As we head into 2021, I am pleased to share highlights from our December roundup of activities. It’s terrific to see so much support for Alaska organizations — and such creative projects — in a year that has brought challenges never before seen.

With special emphasis on “new,” Happy New Year!

Diane Kaplan, president and CEO, Rasmuson Foundation

Small grant awards for emergency needs

We reopened our small grant program to applications for emergency needs in November. We were flooded with some 80 requests for Tier 1 awards capped at $10,000. The usual cap is $25,000. Our Program Team winnowed the list to 31 awards totaling $246,590 based on urgency of need, immediacy of proposed work, other funding and overall impact. Alexandra McKay, the Foundation’s vice president of programs, noted that “the focus on emergency needs and adaptations to COVID made it the most satisfying batch I have done.”

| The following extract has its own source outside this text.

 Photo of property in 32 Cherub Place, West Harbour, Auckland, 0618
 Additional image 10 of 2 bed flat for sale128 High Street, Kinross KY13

Organizations that received an emergency grant through this cycle are: Affinityfilms Inc., Alaska Center for the Performing Arts, AK Child & Family, Alaska Native Justice Center, Alaska Theatre of Youth, Athabascan Fiddlers Association, Bayshore Elementary PTA, Beans Café, Bethel Community Services Foundation, Blood N Fire Ministry of Alaska, Chilkat Valley Pre-School, City of Angoon, Clarks Point Village Council, Cordova Church of the Nazarene, Cordova Family Resource Center, Cyrano’s Theatre Company, Early Learning Coalition, Denali Preschool and Learning Center, Farthest North Girl Scout Council, Glacier View Community Council, Great Alaska Council Boy Scouts, International Gallery of Contemporary Art, Kake Tribal Heritage Foundation, Mat-Su Valley Interfaith Hospitality Network, Mt. Edgecumbe Preschool Inc., No Limits Inc, Onward & Upward, Out North, Outer Coast, Petersburg Children’s Center, Reach 907, Residential Youth Care Inc., Southeast Region EMS Council, Tri-Valley Community Library and World Eskimo-Indian Olympics. Some of the applications not approved will be considered for Tier 1, or small grant, awards beginning in January 2021.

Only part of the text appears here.